Мальчуган крепко вцепился в нее, все малыши, молча сбившись в углу, ждали. Елена со страхом посмотрела на Таисию Ивановну. Как же так? Ведь она хочет девочку. Маленькую, беленькую. А тут вдруг — веснушчатый мальчишка. Нет, нет, не надо.

— Пойдем, мама,— парнишка нетерпеливо дергал ее за руку.

— Нет… Нет, я потом приду, — Елена кое-как высвободила руку и выбежала из игротеки.

— Я говорила вам, это не просто,— задумчиво сказала Таисия Ивановна.— Приходите дня через два-три… Мальчик все ждет. Многих берут, a eго нет и нет… Вот он и кинулся…

На другой день все не ладилось у Елены.
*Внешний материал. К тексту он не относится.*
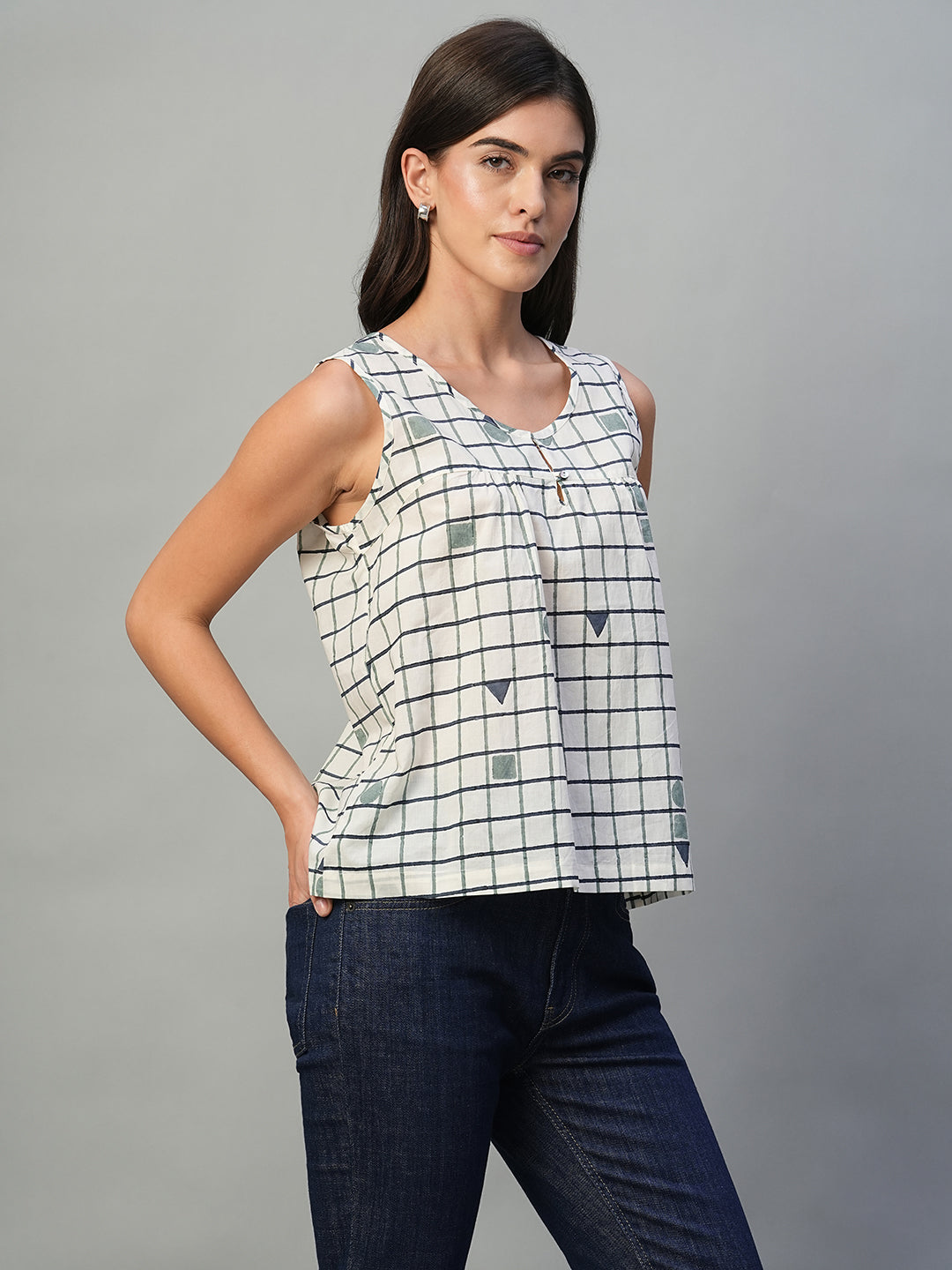 Women's Blue 100% Cotton Regular Fit Blouse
Ее не оставляло ощущение, что сделала что-то дурное. Перед глазами стоял кудлатый веснушчатый мальчуган.

После смены Елена пошла в завком. Еще в приемной из-за приоткрытой двери услышала бас Власа Павловича и чей-то очень знакомый визгливый голос. Узнала: контролер Красавина, которая забраковала сегодня ее детали. Ясное дело, для чего она ребенка берет — квартиру получить! А тут и более заслуженные есть… Я, можно сказать, всю жизнь на производстве!..
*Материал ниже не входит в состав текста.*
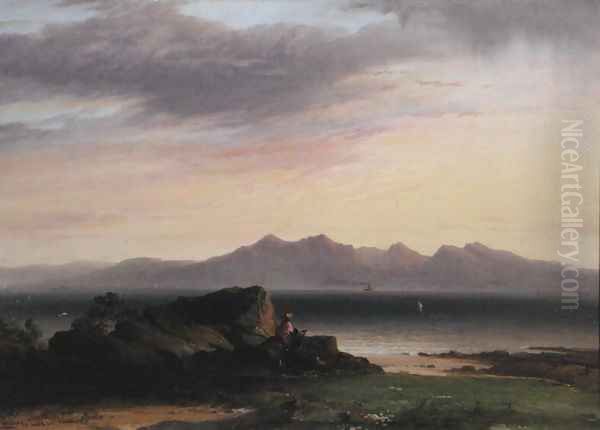 Arran, from Millport, Cumbrae, 1854 - view 1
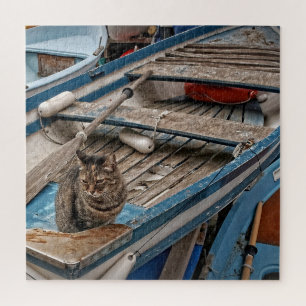 Deixe-nos ir pescar - quebra-cabeça do gato -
Елена не слышала, что ответил Влас Павлович. Прикрыв рукой вспыхнувшие щеки, она выскочила вон.

Через два дня она снова шла в детский дом. На этот раз не успела даже пройти в кабинет Таисии Ивановны, как из игротеки вырвалась ватага малышей с криком:

— Илюшка-веснушка, за тобой мама пришла!

И веснушчатый мальчик повис у нее на руке.

Вышла Таисия Ивановна, Елена растерянно улыбалась:

— Значит, судьба.

Домой она шла с Илюшкой-веснушкой. Елена ощущала тепло его крепкой ладошки, и на душе было легко и просторно. Он цепко, словно боясь потеряться, держал ее за руку и сыпал:

— А ты на заводе работаешь?.. А сестренки-братишки у меня есть?.. Ну, ничего, будем жить вдвоем… Я вырасту, всему научусь. Тогда ты уйдешь с работы, а я буду тебя кормить…
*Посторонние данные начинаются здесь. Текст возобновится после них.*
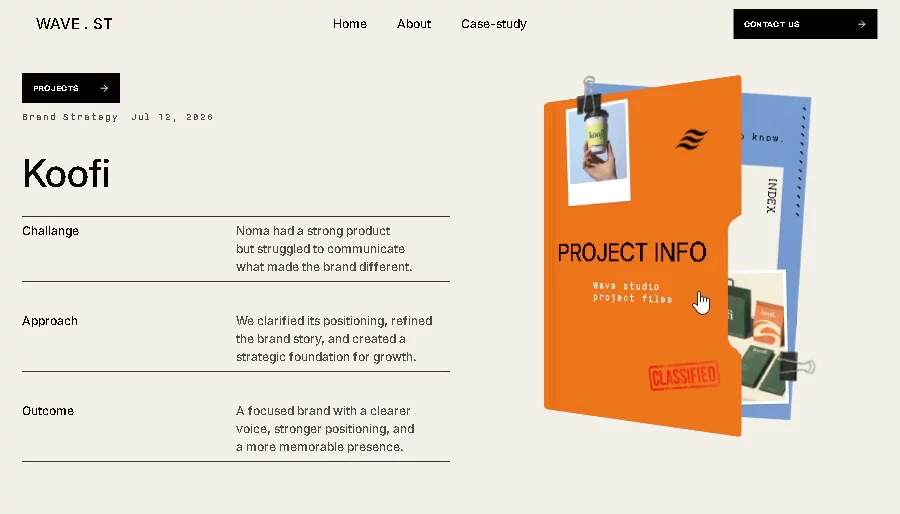 Love the realistic file folder design for project details page.All credits to @Shivani Sharma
Когда они подходили к дому, Елена спохватилась: на кровати, на столе были разложены платьица, девчоночьи туфельки, большая импортная кукла. Елена на минуту остановилась, потом решительно двинулась к подъезду.

— Побудешь пока у соседки, а мне в магазин, понял?

— Я с тобой,— забеспокоился Илюшка.

Она обняла его:

— А ты слушайся, хорошо?

Елена вернулась спустя час, нагруженная новыми покупками. Мальчуган кинулся к ней, словно вернулась она не из магазина, а из дальнего путешествия. Вскоре они сидели за столом с Илюшкой-веснушкой, и он с азартом уплетал котлеты, яблоки, пирожные — все подряд.

Она прикидывала: Илюшка будет спать на кровати, а она как-нибудь пристроится на кушетке. Влас Павлович обещал детский сад. Не сразу, конечно. А пока Наталья Петровна, соседка-пенсионерка, за Илюшкой присмотрит, когда Елена на работе.

— Это папка?— спросил Илюшка, глядя на Костин портрет.

Елена кивнула и погладила, рыжий ершик.

— Сейчас умываться — и спать, — сказала она.

Мальчуган послушно встал, и она повела его в ванную.

— Мама, а мы теперь все время вместе будем?— спросил он, укладываясь, в постель.— А то, знаешь,— шепотом добавил он,— у нас одну девочку взяли, а потом вернули… Ты меня не вернешь?

— Нет, нет, спи.

Илюшка поудобнее устроился и скоро засопел, щеки его зарозовели, и Елена вдруг подумала, что он похож на Костю. Наверное, в детстве Костя тоже был такой же веснушчатый с рыжеватым ершиком волос на голове.

Она вышла, в коридор. Набрала номер телефона Власа Павловича. Услышав знакомый бас, заторопилась высказать все, что решила:

— Квартиру мне сейчас не надо… Да, да, хорошо подумала…

На цыпочках вернулась в комнату. По занавеске на окне пробегали отблески света поздних троллейбусов. У него будет совсем-совсем другая жизнь. Она научит его той простой мудрости, которую постигла сама. Научит отличать доброе от дурного. Научит не бояться ночных теней.

Посапывая, спал на кровати Илюшка-веснушка. Спал крепко, словно спал здесь всегда.